Exercise inputs:
_ _ _ _ _

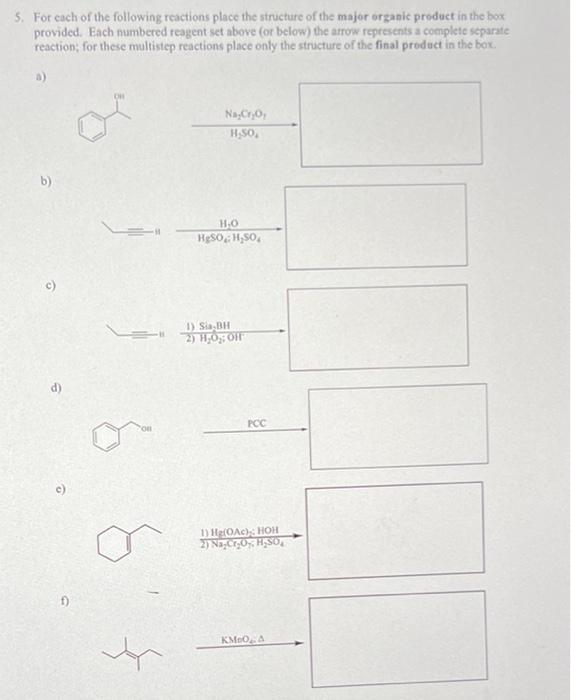 5 For Each Of The Following Reactions Place The Structure Of The Major Organic Product In The Box Provided Each Number 1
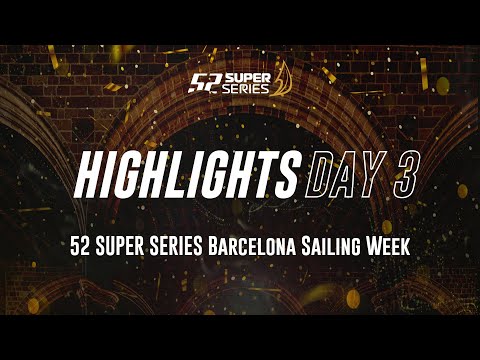 Day 3 HIGHLIGHTS - 52 SUPER SERIES Barcelona Sailing Week
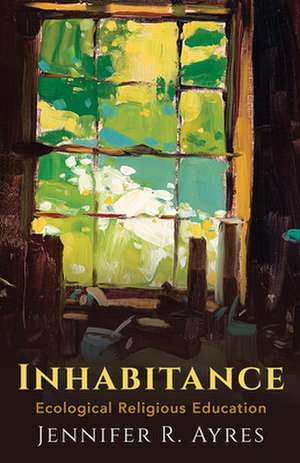 Ayres, J: Inhabitance de Jennifer R. Ayres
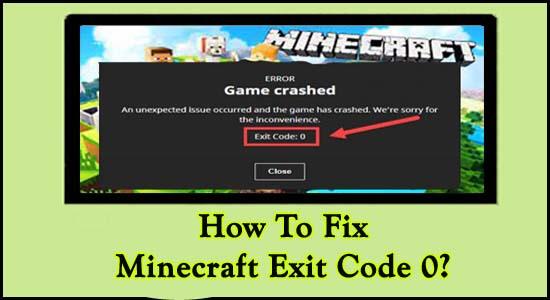 Виправте помилку Minecraft Exit Code 0 за допомогою 7 простих рішень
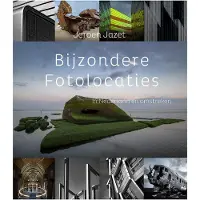 Van duuren media Bijzondere fotolocaties in Nederland en omstreken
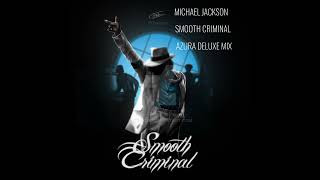 Michael Jackson Smooth Criminal Azura Deluxe Mix Original audio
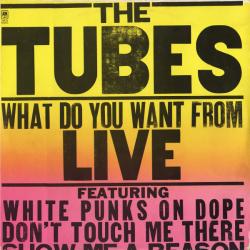 TUBES WHAT DO YOU WANT FROM LIVE Виниловая пластинка 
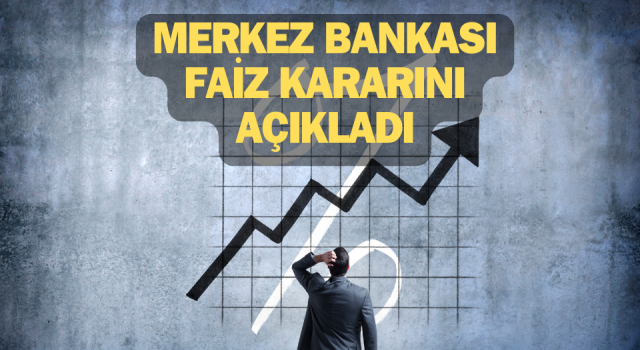 Merkez Bankası faiz kararını açıkladı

_ _ _ _ _

Directions for this task: For this answer, return word for word the lines from the first line of the records through the line containing "Michael Jackson Smooth". Omit the pictures.

Answer below:
 5 For Each Of The Following Reactions Place The Structure Of The Major Organic Product In The Box Provided Each Number 1
 Day 3 HIGHLIGHTS - 52 SUPER SERIES Barcelona Sailing Week
 Ayres, J: Inhabitance de Jennifer R. Ayres
 Виправте помилку Minecraft Exit Code 0 за допомогою 7 простих рішень
 Van duuren media Bijzondere fotolocaties in Nederland en omstreken
 Michael Jackson Smooth Criminal Azura Deluxe Mix Original audio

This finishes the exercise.